Two cutting-edge theater companies – one in Louisville, one in Chicago – will collaborate this coming year to bring plays with Jewish elements to the Derby City.
They also are offering a series of workshops to groom artists, including theater artists.
Louisville-based Bunbury Theatre and the ShPIeL Performing Identity of Chicago, who worked together earlier this year on the production of Red, will continue their collaboration on Sunday, July 15. The all-day workshop is designed to “deepen” local theatre, engage the community, while helping local artists create, using their own unique identities.
The workshop runs from 9-5 at the Henry Clay Theatre, downtown. Cost to register is $50.
David Chack, artistic director of the ShPIeL and professor of dramatic arts at The Theatre School at DePaul University, and Juergen K. Tossmann, producing artistic director of the Bunbury, expect to hold other workshops this coming season.
“We’re giving you the space and the programming to find that [identity],” Chack said.

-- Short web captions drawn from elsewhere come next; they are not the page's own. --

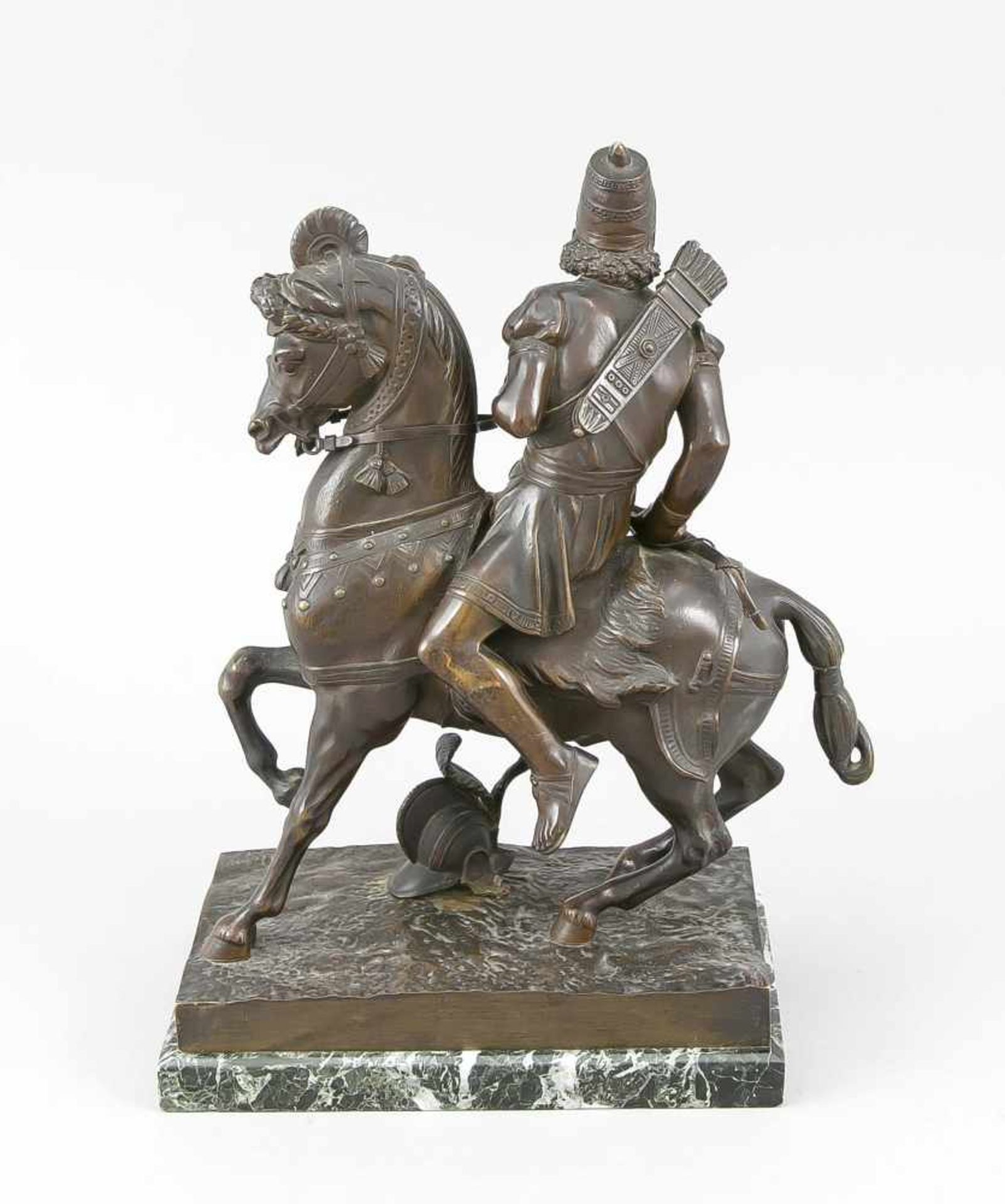Arthur Stein (1880-?), altorientalischer Krieger mit Bogen auf reich geschmücktem Pferd,braun - Bild 2 aus 2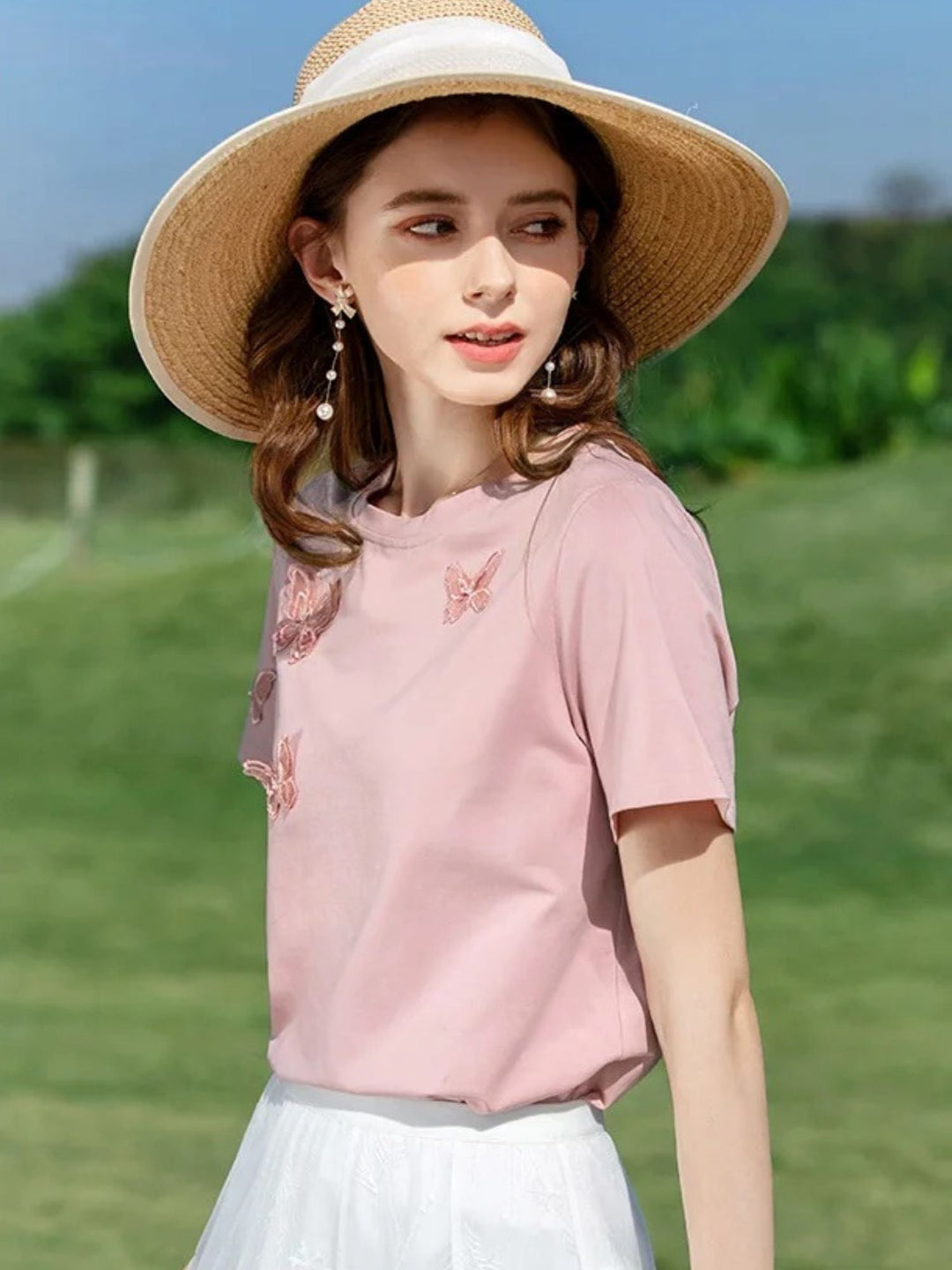 Women's Summer T-Shirt with Butterfly Embroidery | Invictora.com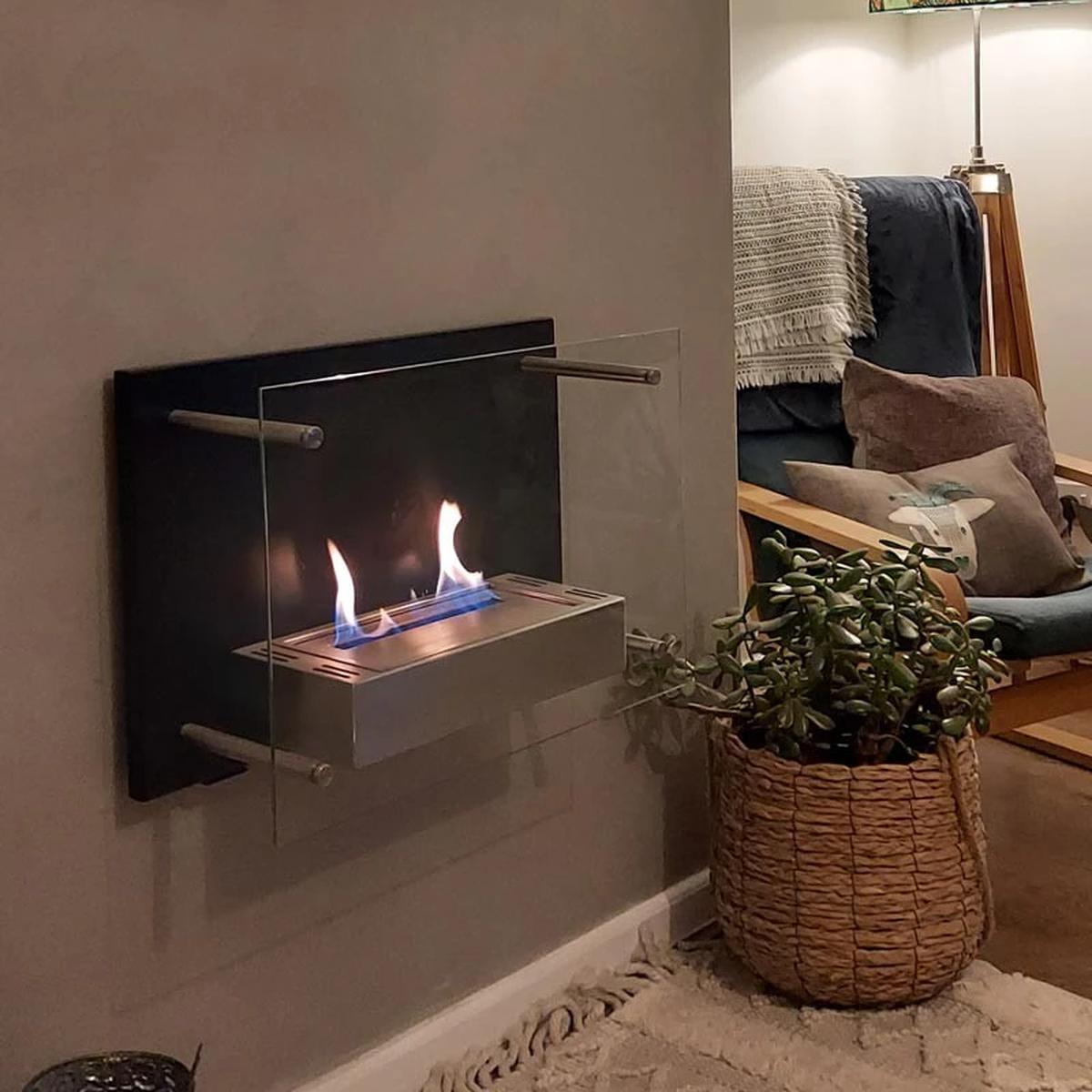 CACH Fires Nevada Bio-Wandkamin, Schwarzer Bioethanol-Wandkamin mit Glasfrontpaneel, Brenndauer bis zu 6 Stunden, für gemütliche Abende mit der Familie, 2 kW.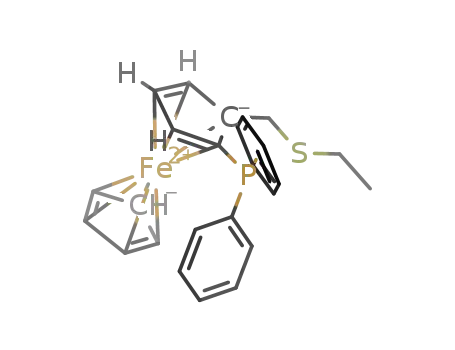 [Fe(C<sub>5</sub>H<sub>5</sub>)(C<sub>5</sub>H<sub>3</sub>(P(C<sub>6</sub>H<sub>5</sub>)2)(CH<sub>2</sub>SC<sub>2</sub>H<sub>5</sub>))]
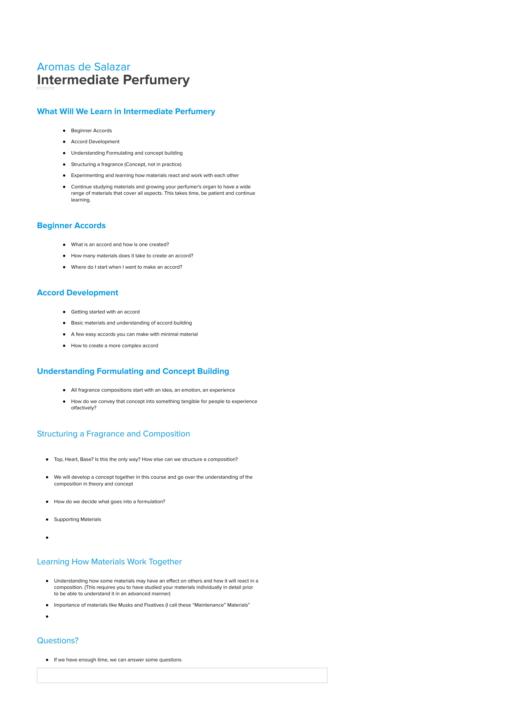 Intermediate Perfumery Syllabus
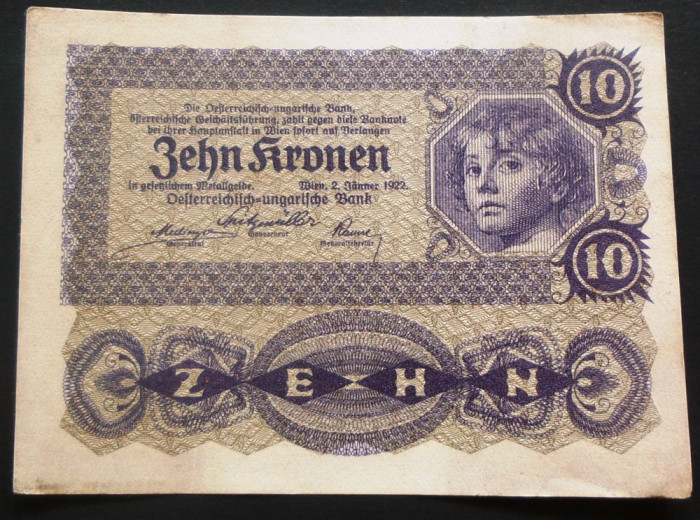 Bancnota istorica 10 COROANE - AUSTRO-UNGARIA (AUSTRIA), anul 1922 * cod 640 C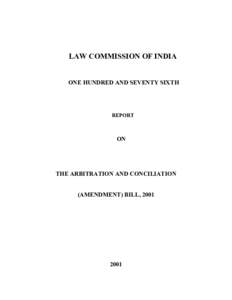 REPORT ON THE WORKING OF THE ARBITRATION AND CONCILIATION ACT, 1996
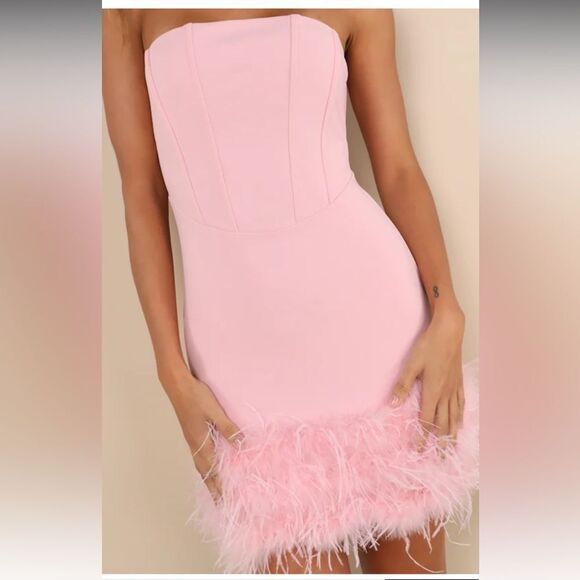 Lulu’s Fabulous Delight Light Pink Strapless Bustier Feather Mini Dress M Nwt - Picture 4 of 8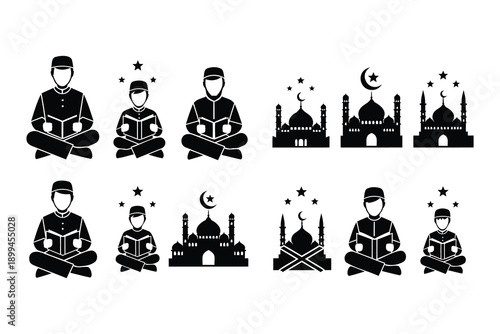 Islamic religion symbols and people reading Koran illustrations on white background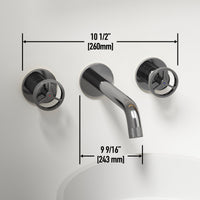 Contemporary style wall mount faucet with NPSM connections and low lead compliance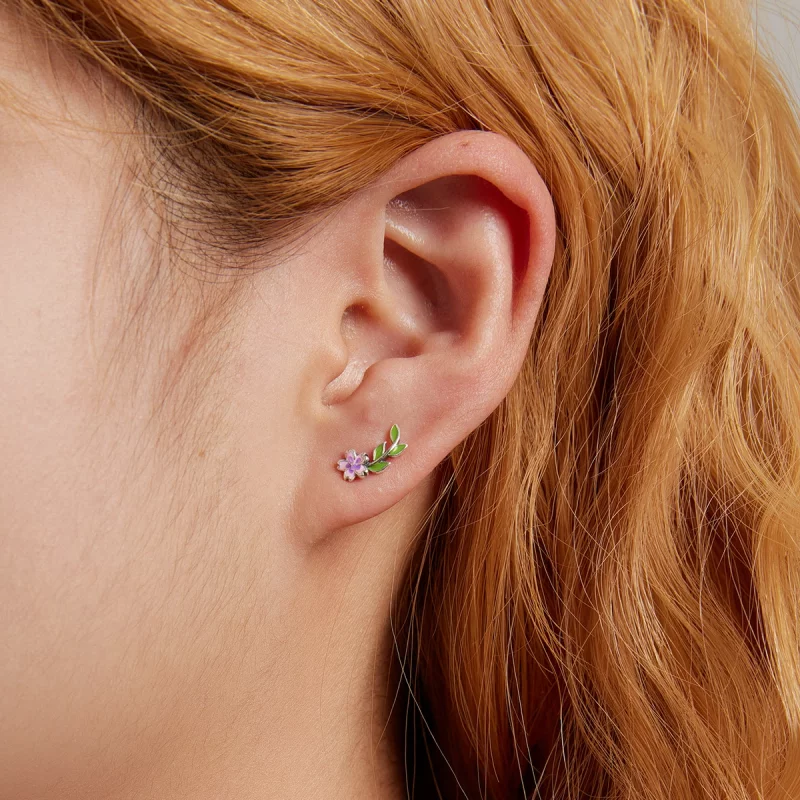 (image pour) Boucles d'oreilles à clou style Pandora avec fleurs et feuilles - SCE1391 - Afficher 6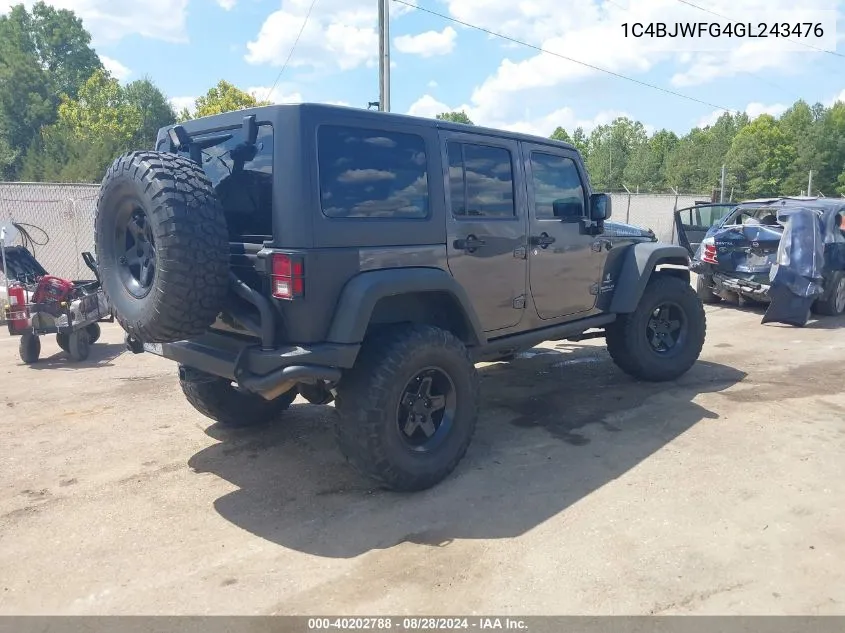 2016 Jeep Wrangler Unlimited Rubicon VIN: 1C4BJWFG4GL243476 Lot: 40202788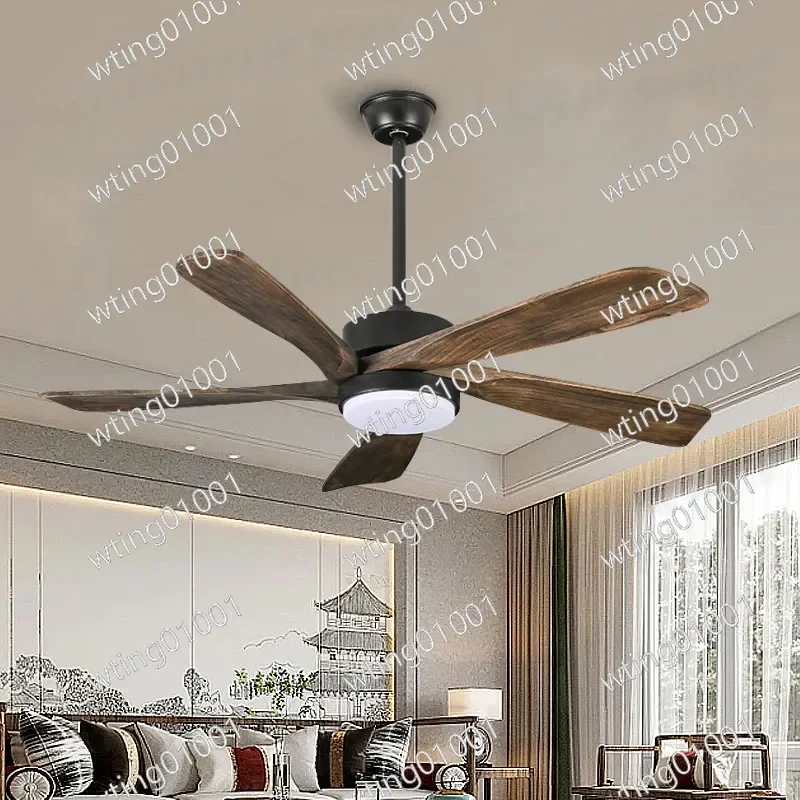 for Zhongshan Lighting Solid Wood Ceiling Fan Light Retro Integrated Design with Intelligent Inverter for Living Room Factory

Tossmann said the participants may not leave the workshop with fully developed ideas for projects, but they might discover a “seed of an idea” that can awaken a memory or inspiration from the artist’s past. From there, ideas for projects will come.
Chack and Tossmann also announced that their companies will collaborate this season on two productions with distinct Jewish threads:
• The Jewish Joke, which runs from October 4 to 22, is described as a “drama about comedy.” The story deals with the Hollywood blacklisting of the 1950s, in which many Jewish artists were caught up.
• The Green Book, which runs from February 8 to 24, 2019, is based on a book of the same title developed by a New York mailman, Victor Hugo Green, which became an indispensable guidebook for African-American travelors through the Jim Crow South. In the play, a Holocaust survivor, who was liberated from Buchenwald, uses the book to meet up with an African-American G.I. who liberated him.
Both productions, which were previously staged by the ShPIeL and Pegasus theaters in Chicago, are being made possible here by the Jewish Heritage Fund for Excellence and the New World Foundation.